### DATASET
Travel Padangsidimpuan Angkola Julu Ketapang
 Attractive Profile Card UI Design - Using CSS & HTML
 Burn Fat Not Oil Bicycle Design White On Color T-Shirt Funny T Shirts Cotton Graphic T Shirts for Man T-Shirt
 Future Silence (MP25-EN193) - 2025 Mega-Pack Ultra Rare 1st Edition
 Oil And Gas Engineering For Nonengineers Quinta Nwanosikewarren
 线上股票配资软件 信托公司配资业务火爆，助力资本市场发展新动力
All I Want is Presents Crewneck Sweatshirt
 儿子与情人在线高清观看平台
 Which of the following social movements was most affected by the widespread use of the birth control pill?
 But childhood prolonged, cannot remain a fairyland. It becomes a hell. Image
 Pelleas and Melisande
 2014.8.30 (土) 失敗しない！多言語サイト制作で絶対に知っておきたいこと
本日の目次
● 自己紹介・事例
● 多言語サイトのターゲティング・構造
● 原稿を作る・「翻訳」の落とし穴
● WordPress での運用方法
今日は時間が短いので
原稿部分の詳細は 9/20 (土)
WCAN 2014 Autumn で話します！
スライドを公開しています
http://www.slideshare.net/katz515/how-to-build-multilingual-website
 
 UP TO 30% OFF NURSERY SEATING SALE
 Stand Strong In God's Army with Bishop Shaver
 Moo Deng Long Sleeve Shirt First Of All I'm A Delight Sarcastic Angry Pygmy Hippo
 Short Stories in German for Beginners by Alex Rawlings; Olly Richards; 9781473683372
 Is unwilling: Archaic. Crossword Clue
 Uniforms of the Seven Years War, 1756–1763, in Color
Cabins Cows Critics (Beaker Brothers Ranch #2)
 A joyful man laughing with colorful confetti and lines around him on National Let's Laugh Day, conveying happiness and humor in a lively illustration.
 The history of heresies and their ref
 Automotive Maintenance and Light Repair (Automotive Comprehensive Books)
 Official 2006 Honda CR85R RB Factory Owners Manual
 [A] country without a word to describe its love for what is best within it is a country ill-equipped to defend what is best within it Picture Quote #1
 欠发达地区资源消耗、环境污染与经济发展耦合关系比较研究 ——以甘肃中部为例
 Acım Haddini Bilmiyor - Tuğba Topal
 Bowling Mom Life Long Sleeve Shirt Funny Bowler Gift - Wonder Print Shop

### WORK REQUIRED
Select and copy every line of the material that holds the string "Funny".

### REPLY TO THE TASK
 Burn Fat Not Oil Bicycle Design White On Color T-Shirt Funny T Shirts Cotton Graphic T Shirts for Man T-Shirt
 Bowling Mom Life Long Sleeve Shirt Funny Bowler Gift - Wonder Print Shop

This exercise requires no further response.